Platform participants—consumers, producers, and providers—typically create value for a business. But they may defect if they believe their needs can be met better elsewhere. More worrisome, they may turn on the platform and compete directly with it. Zynga began as a games producer on Facebook but then sought to migrate players onto its own platform. Amazon and Samsung, providers of devices for the Android platform, tried to create their own versions of the operating system and take consumers with them.
The new roles that players assume can be either accretive or depletive. For example, consumers and producers can swap roles in ways that generate value for the platform. Users can ride with Uber today and drive for it tomorrow; travelers can stay with Airbnb one night and serve as hosts for other customers the next. In contrast, providers on a platform may become depletive, especially if they decide to compete with the owner.
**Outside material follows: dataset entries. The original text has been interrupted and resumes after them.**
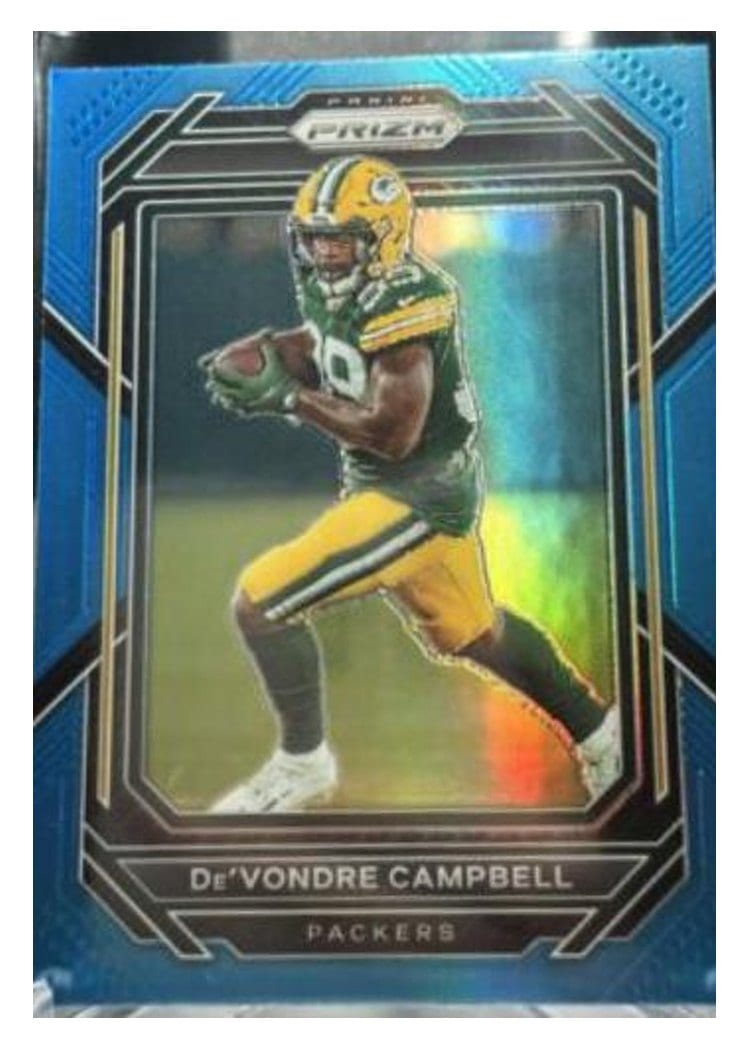 2022 Panini Prizm Base Set De'Vondre Campbell #108 card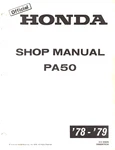 Oem Genuine Honda Dealer/owner's Service Repair/manual 1978-1979 PA50. Fixed Price $35.99.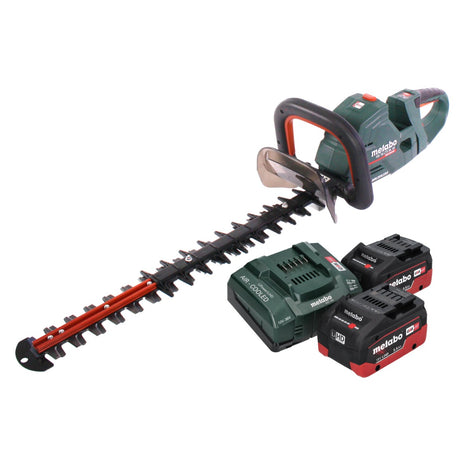 Metabo HS 18 LTX BL 55 Akku Heckenschere 18 V 50 cm Brushless + 2x Akku 5,5 Ah + Ladegerät - Toolbrothers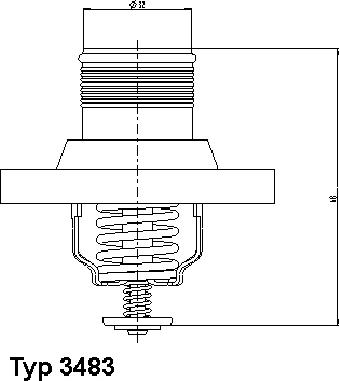 WAHLER 3483.89D - Thermostat, Kühlmittel alexcarstop-ersatzteile.com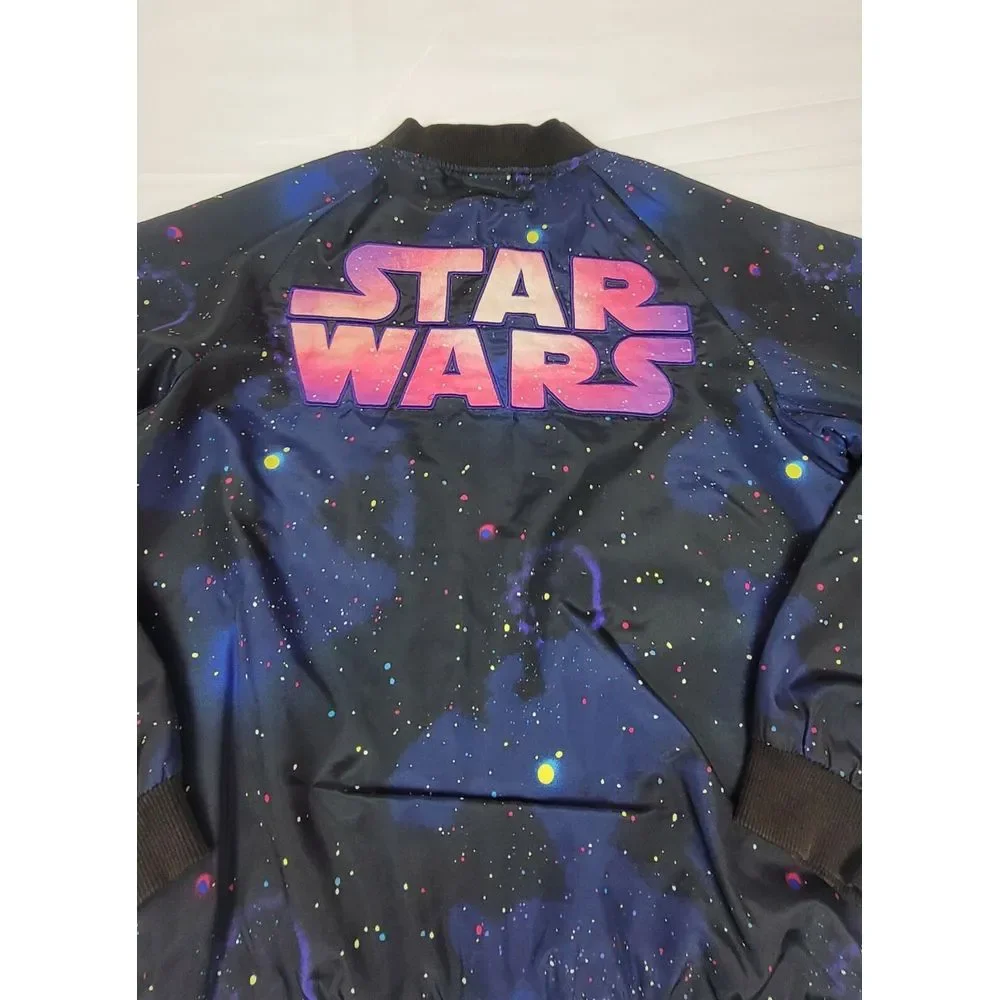 Star‎ Wars Disney Bomber Jacket Girls Size 9/10. Officially Blue Full-Zip.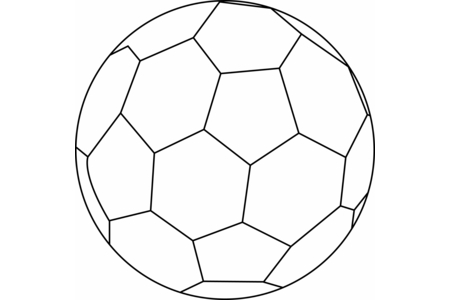 Dibujos para imprimir : Deporte fútbol 01 – 10 Doigts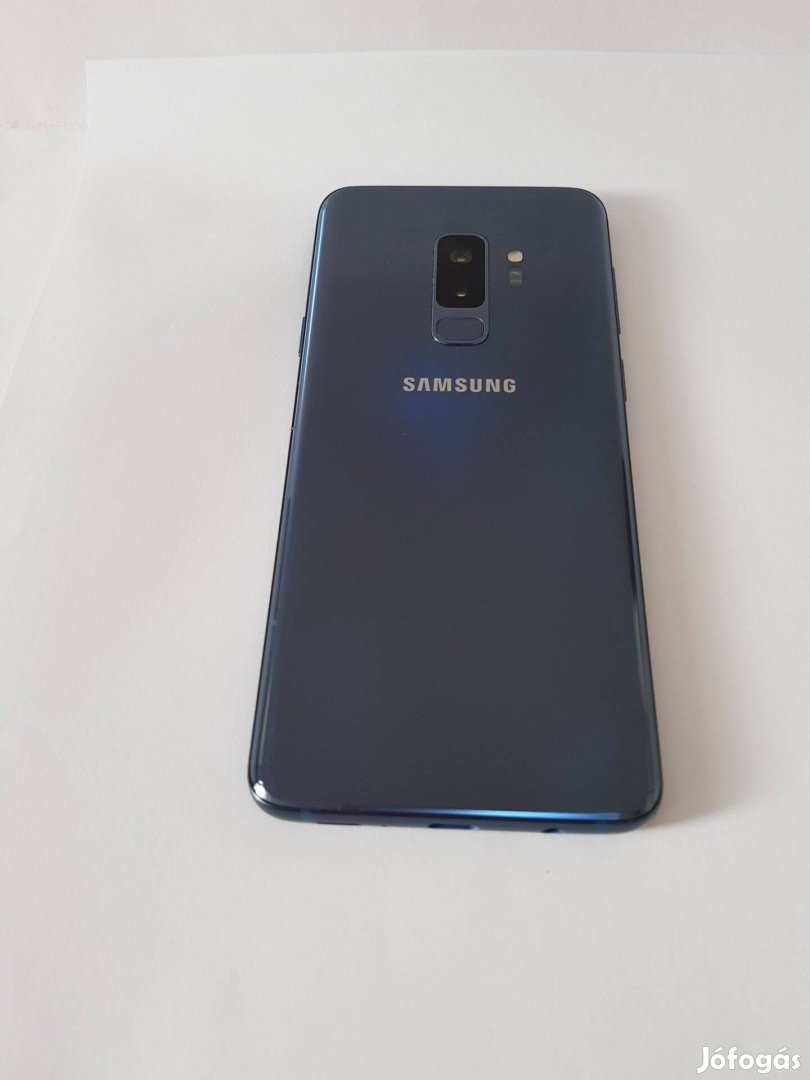 Samsung G965F Galaxy S9 Plus Kék Akkufedel Hatlap Gyari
Netflix, a provider on the platforms of telecommunication firms, has control of consumers’ interactions with the content it offers, so it can extract value from the platform owners while continuing to rely on their infrastructure.
Pipeline firms have long outsourced aspects of their internal functions, such as customer service. But today companies are taking that shift even further, moving toward orchestrating external networks that can complement or entirely replace the activities of once-internal functions.
Inversion extends outsourcing: Where firms might once have furnished design specifications to a known supplier, they now tap ideas they haven’t yet imagined from third parties they don’t even know. Firms are being turned inside out as value-creating activities move beyond their direct control and their organizational boundaries.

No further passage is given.